### EXERCISE DIRECTIONS
When you reach the line holding "flat-foot-arch1" in the material below, return that line and each one after it, word for word, with the pictures dropped.
┄┄┄┄┄┄
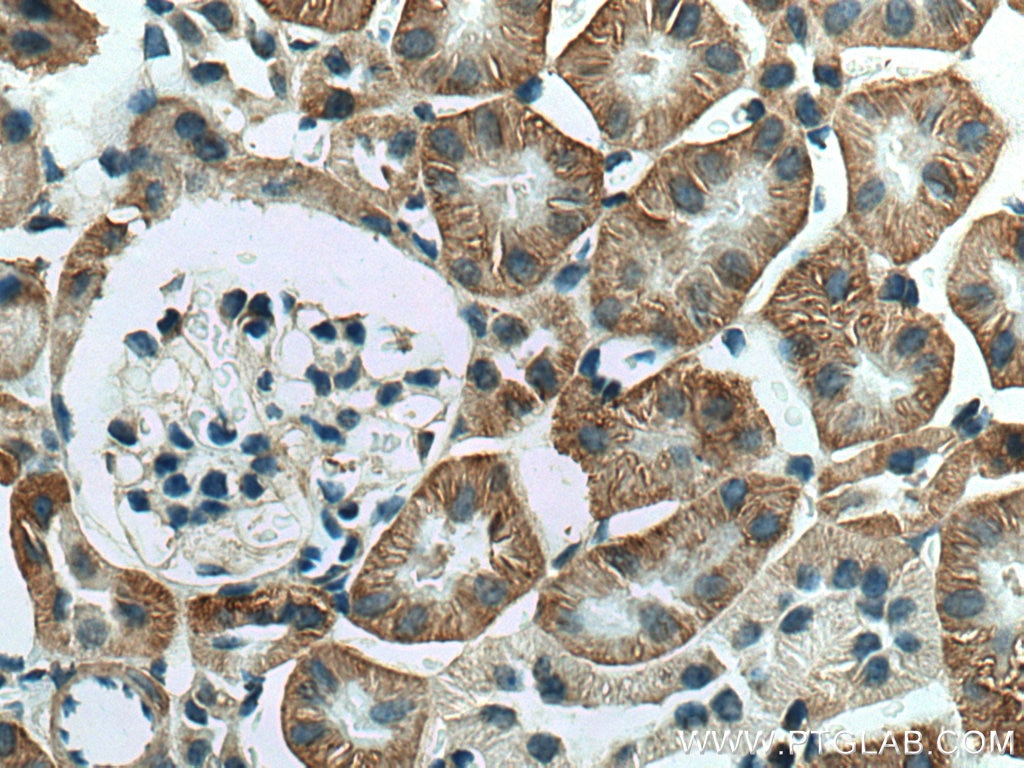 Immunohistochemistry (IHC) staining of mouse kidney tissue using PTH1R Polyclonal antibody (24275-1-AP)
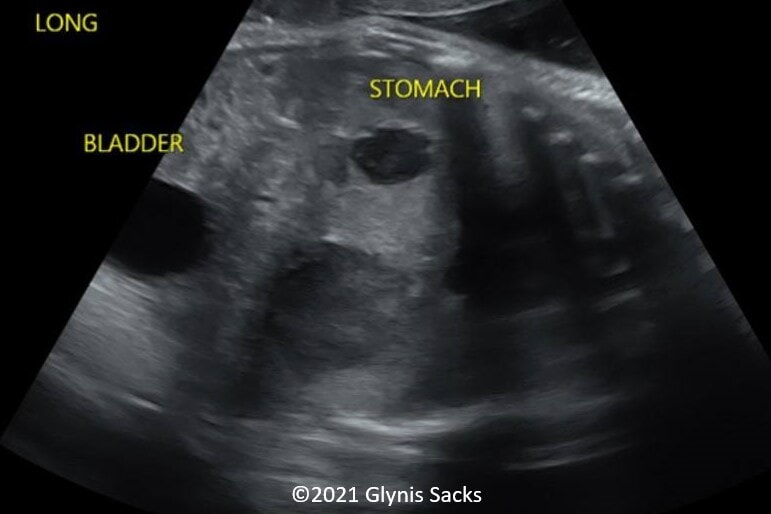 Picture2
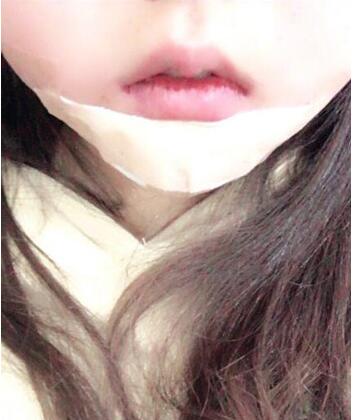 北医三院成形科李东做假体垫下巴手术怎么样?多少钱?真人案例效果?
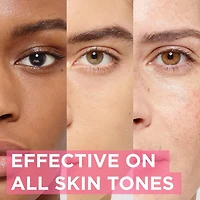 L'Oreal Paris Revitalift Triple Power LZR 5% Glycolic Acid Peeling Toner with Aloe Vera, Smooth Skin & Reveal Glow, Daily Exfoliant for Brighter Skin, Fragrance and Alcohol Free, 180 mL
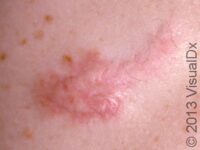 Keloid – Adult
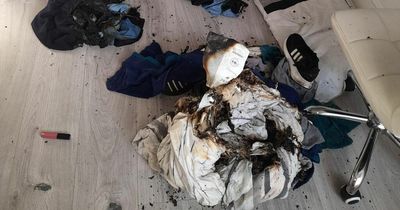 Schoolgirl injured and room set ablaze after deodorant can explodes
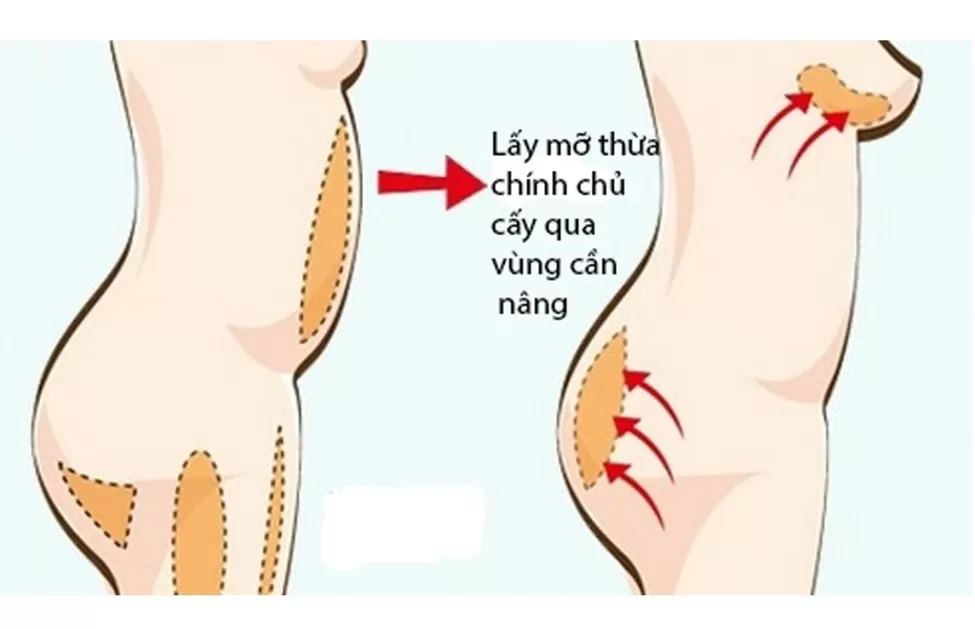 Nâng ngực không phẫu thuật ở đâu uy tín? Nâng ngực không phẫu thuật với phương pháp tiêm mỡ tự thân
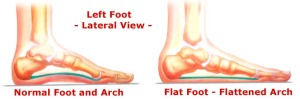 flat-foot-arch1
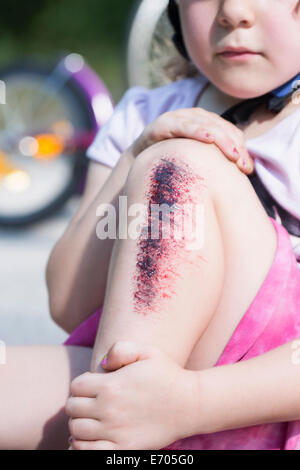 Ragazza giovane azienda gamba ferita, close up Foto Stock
┄┄┄┄┄┄
### SOLUTION BELOW
 flat-foot-arch1
 Ragazza giovane azienda gamba ferita, close up Foto Stock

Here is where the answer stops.